Accusée d'avoir laissé mourir de soif une fillette yazidie réduite en esclavage en Irak, une Allemande membre du groupe jihadiste Etat islamique (EI) a été condamnée lundi à dix ans de réclusion par un tribunal de Munich.
Jennifer Wenisch, 30 ans, a notamment été reconnue coupable de "crime contre l'humanité ayant entraîné la mort" et d'appartenance à une organisation terroriste, dans l'un des premiers procès au monde à juger un crime de guerre contre les Yazidis, minorité kurdophone persécutée par les jihadistes.
Vêtue d'un pull noir, sa longue chevelure brune détachée, la jeune femme n'a pas réagi à l'annonce de sa condamnation, plus clémente que la réclusion à perpétuité réclamée par le parquet.
"Vous deviez savoir dès le départ qu'une enfant enchaînée sous un soleil de plomb serait en danger de mort", lui a lancé lundi le président de la Cour, Reinhold Baier.
Mais les juges ont également reconnu que l'ex-jihadiste "ne disposait que de possibilités limitées pour mettre fin à l'asservissement" des victimes, selon un communiqué du tribunal.
Cette Allemande originaire de Lohne, en Basse-Saxe (nord-ouest), avait gagné l'Irak en 2014 pour rejoindre "ses frères", comme elle l'a expliqué lors du procès entamé en avril 2019.
Pendant plusieurs mois, elle y a patrouillé, armée, au sein de la police des moeurs à Falloujah et Mossoul.
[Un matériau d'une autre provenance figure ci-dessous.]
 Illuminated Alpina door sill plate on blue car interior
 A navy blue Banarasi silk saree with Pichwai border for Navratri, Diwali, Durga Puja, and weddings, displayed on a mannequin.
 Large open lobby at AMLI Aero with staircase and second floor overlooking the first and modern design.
Cette force veillait notamment au respect des règles vestimentaires et de comportement édictées par les jihadistes.
- Morte de soif -
A l'été 2015, elle et son mari d'alors, Taha Al-Jumailly, jugé à Francfort dans une procédure parallèle, ont acheté comme esclaves, parmi un groupe de prisonniers, une fillette de cinq ans et sa mère issues de la minorité yazidie.
Témoin clé des procès de Munich et Francfort, la mère survivante, qui vit désormais cachée en Allemagne, a livré à la barre le récit des sévices subis.
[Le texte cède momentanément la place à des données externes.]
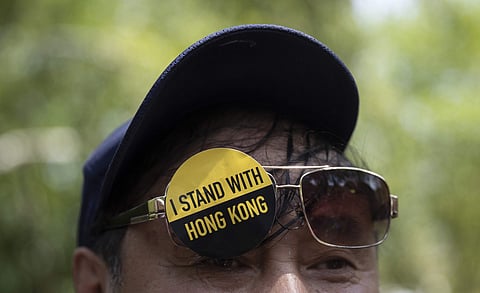 A man with a sticker that reads 'I Stand With Hong Kong' on his glasses gathered with others in Lafayette Square in front of the White House in Washington, Sunday, Aug. 18, 2019. (Photo | AP)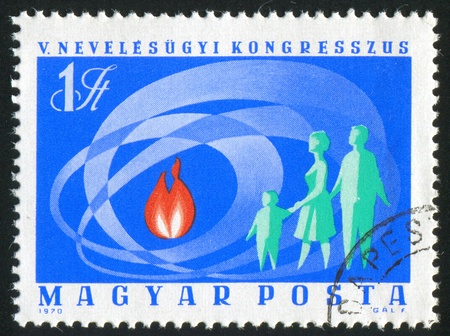HUNGARY - CIRCA 1970: stamp printed by Hungary, shows Flame and Family, circa 1970の写真素材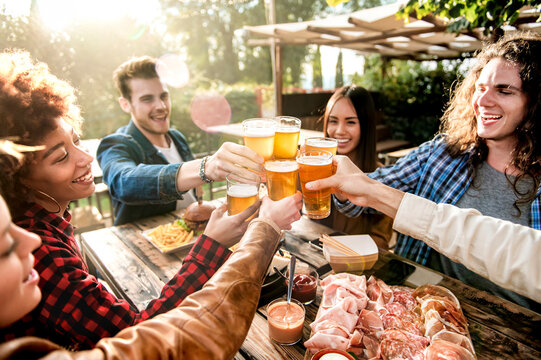 Young multiracial people drinking beer at brewery bar out doors - Happy family having barbecue party in backyard restaurant patio - Concept about friends enjoying time  together - Focus on pint glass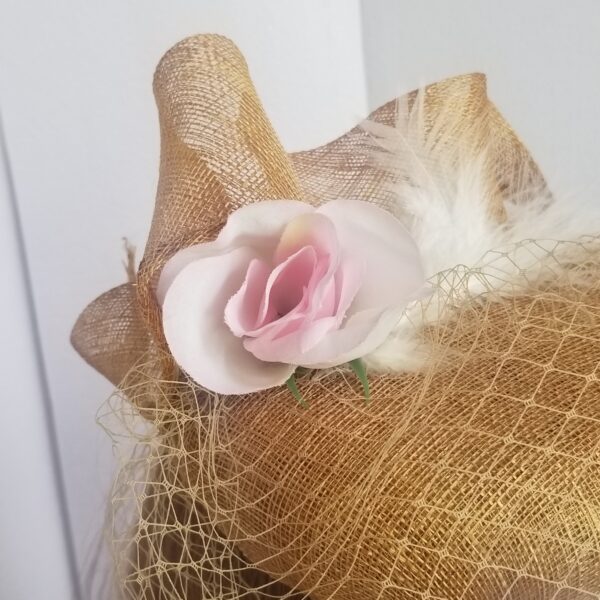 close of sinamay rose and feather decoration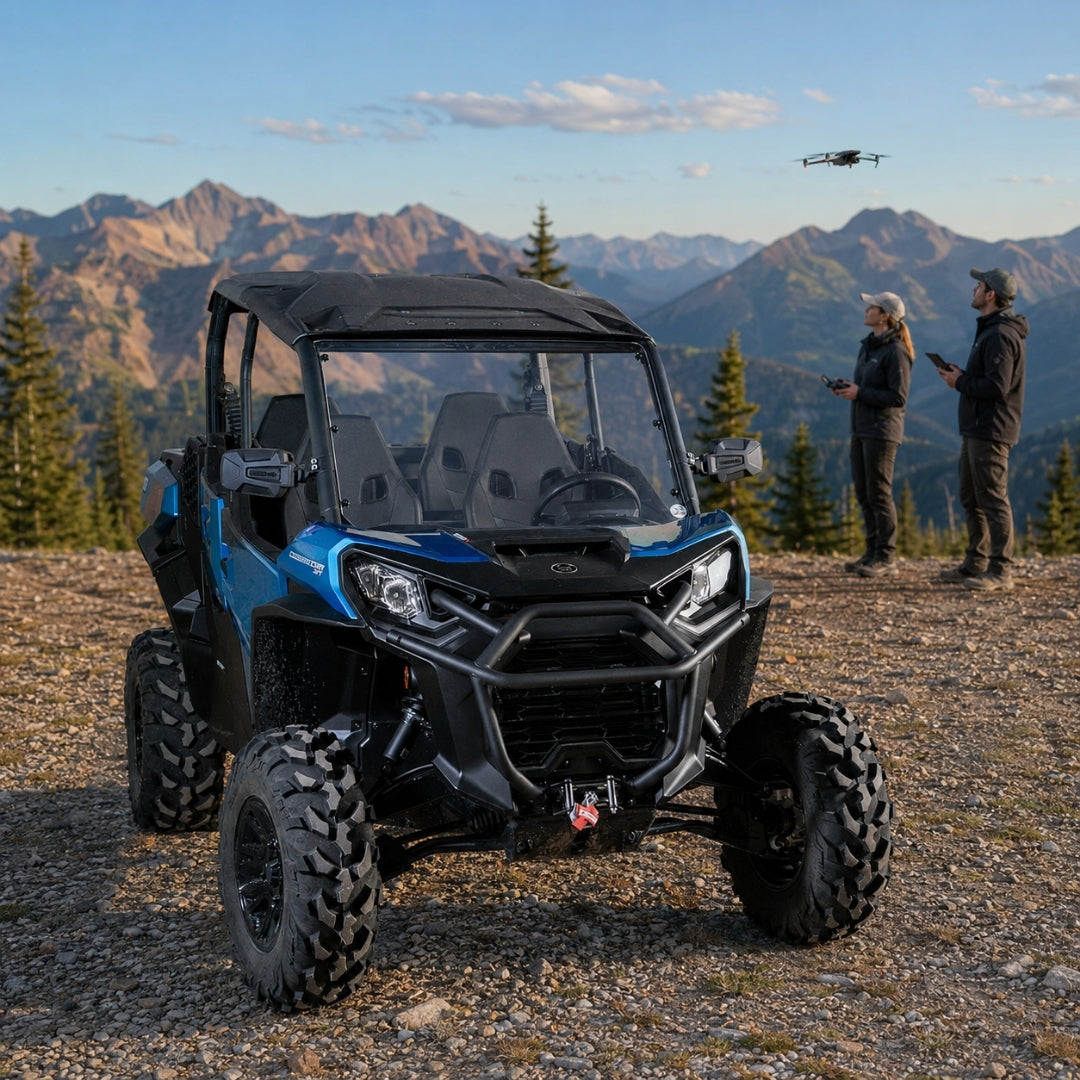 Blue Can-Am Commander with full windshield on a mountain trail with people alongside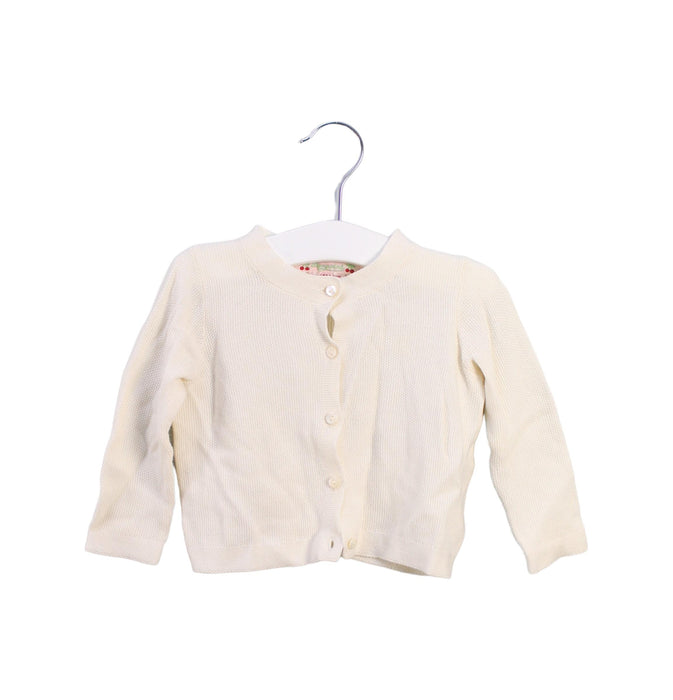 A White Cardigans from Bonpoint in size 6-12M for girl. (Front View)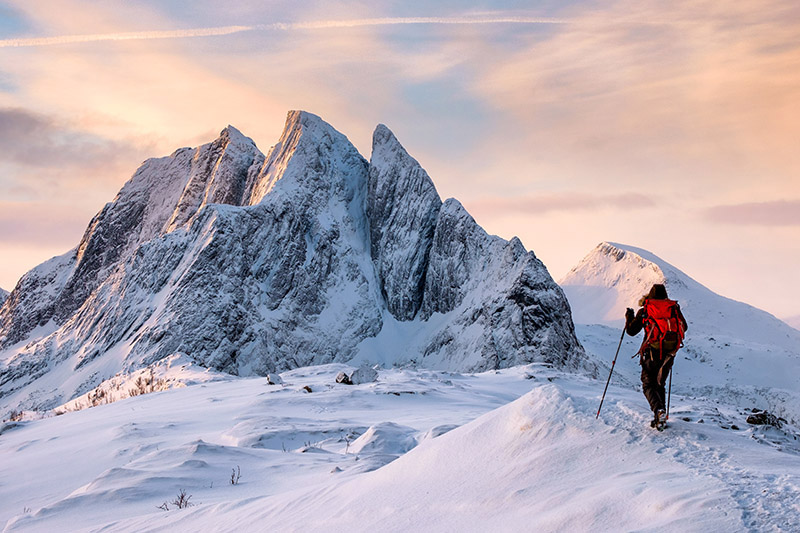 Mountaineer man climbs on top snowy mountain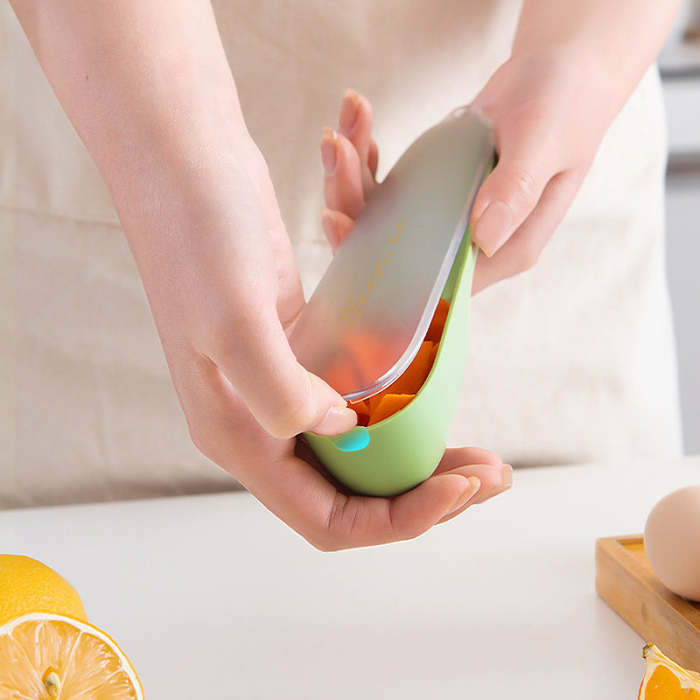 Peeler with Storage Tube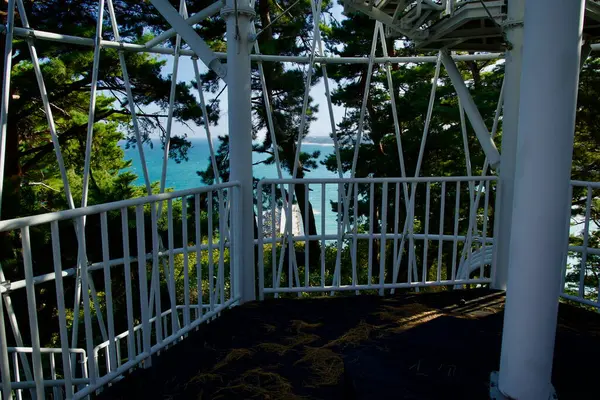 Yangyang İlçesi, Güney Kore - 3 Kasım 2024: Çam ağaçları ve kıyı manzarasıyla çevrili Jukdo Dağı Gözlemevi 'nin beyaz metal yapısı tarafından çerçevelenmiş Doğu Denizi' nin çarpıcı manzarası.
Après de nombreuses maltraitances, la petite fille a été "punie" par le mari de l'accusée pour avoir uriné sur un matelas, puis attachée, par des températures autour de 50°C, à une fenêtre à l'extérieur de la maison.
La fillette est morte de soif tandis que sa mère était contrainte de rester au service du couple.
Accusée d'avoir laissé faire sans intervenir, Jennifer Wenisch a affirmé à l'audience avoir "eu peur" que son compagnon "ne (la) pousse ou l'enferme".
Au cours du procès, la jeune femme n'a pas vraiment apporté d'explications sur son parcours de radicalisation.
Timide lors des premières audiences, elle s'est ensuite enhardie.
"On va faire de moi un exemple pour tout ce qui s'est passé sous l'EI. Il est difficile d'imaginer que cela soit possible dans un État de droit", s'était-elle défendue, selon des propos cités par le journal Süddeutsche Zeitung.
- Sur écoute -
Elle avait été arrêtée par les services de sécurité turcs en janvier 2016 à Ankara puis extradée vers l'Allemagne.
Elle n'a été placée en détention qu'en juin 2018, après avoir été arrêtée en tentant de rejoindre de nouveau, avec sa fille de deux ans, les territoires que l'EI contrôlait encore en Syrie.
Durant cette tentative, elle a raconté sa vie en Irak à son chauffeur, qui était en réalité un informateur du FBI la conduisant dans une voiture équipée de micros. Le parquet a utilisé ces enregistrements pour l'inculper.
Ce procès est l'un des premiers concernant des crimes commis sur les Yazidis, minorité kurdophone du Nord de l'Irak.
En octobre 2020, une Germano-Tunisienne, épouse d'un jihadiste, avait été condamnée par un tribunal allemand à trois ans et demi de prison pour avoir notamment contribué à réduire à l'état d'esclave une jeune Yazidie lorsqu'elle séjournait en Syrie.
Deux autres Allemandes rapatriées depuis 2020 des territoires de l'EI sont soupçonnées de complicité de crimes contre l'humanité en lien avec les exactions commises contre la minorité yazidie.
Cette communauté ethno-religieuse yazidie a été particulièrement persécutée par les jihadistes, qui ont réduit ses femmes à l'esclavage sexuel, enrôlé de force des enfants-soldats et tué des hommes par centaines.